An important estate planning strategy for larger estates is to make taxable gifts of assets expected to appreciate in the future. Naturally, taxable gifts are those in excess of $10,000 ($20,000 for married couples) per beneficiary per year. Taxable gifts remove the future appreciation of the gifted assets from the estate of the donor. The Unified Credit is not indexed for inflation (notwithstanding the fact that 1997 legislation resulted in the gradual increase of the Unified Credit from $600,000 to $1,000,000 from years 1997 to 2006). Holding appreciating assets only results in losing ground as assets of the estate continue to appreciate while the Unified Credit remains static. Donors employing the taxable gift strategy should consider utilization of a Family Limited Partnership or Family Limited Liability Company to allow the donor to continue to control the gifted assets and to take advantage of the valuation discounts available for such transfers.

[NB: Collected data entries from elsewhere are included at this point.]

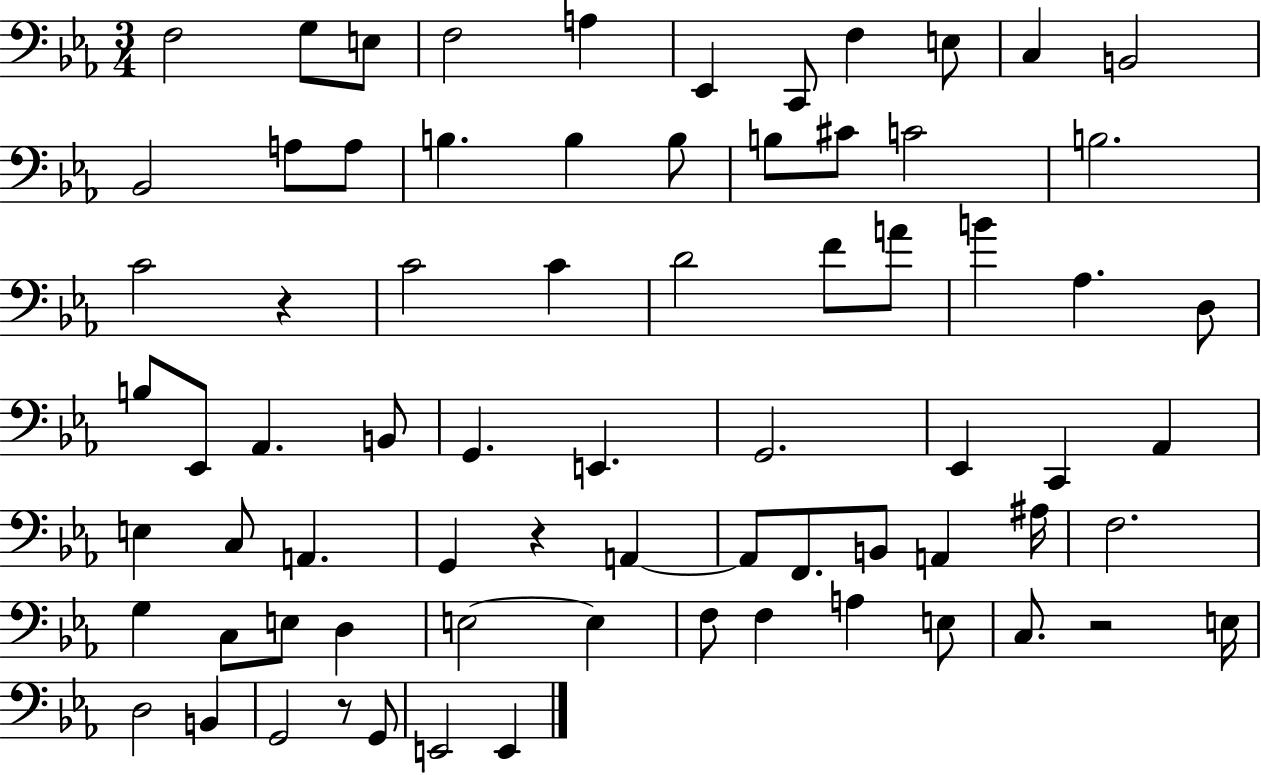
{
  \clef bass
  \numericTimeSignature
  \time 3/4
  \key ees \major
  f2 g8 e8 | f2 a4 | ees,4 c,8 f4 e8 | c4 b,2 | \break bes,2 a8 a8 | b4. b4 b8 | b8 cis'8 c'2 | b2. | \break c'2 r4 | c'2 c'4 | d'2 f'8 a'8 | b'4 aes4. d8 | \break b8 ees,8 aes,4. b,8 | g,4. e,4. | g,2. | ees,4 c,4 aes,4 | \break e4 c8 a,4. | g,4 r4 a,4~~ | a,8 f,8. b,8 a,4 ais16 | f2. | \break g4 c8 e8 d4 | e2~~ e4 | f8 f4 a4 e8 | c8. r2 e16 | \break d2 b,4 | g,2 r8 g,8 | e,2 e,4 | \bar "|."
}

The estate tax benefits of gifting appreciating assets must be weighed against loss of the stepped basis which would have been available had the asset been held by the donor until death. However, gifting appreciating assets will almost always be advisable in light of the fact that the maximum capital gains rate is only 20% compared with the 55% estate tax rate. Also, the estate tax is due within 9 months of death while the capital gains tax is due only when the asset is sold, which could be many years after the donor’s death.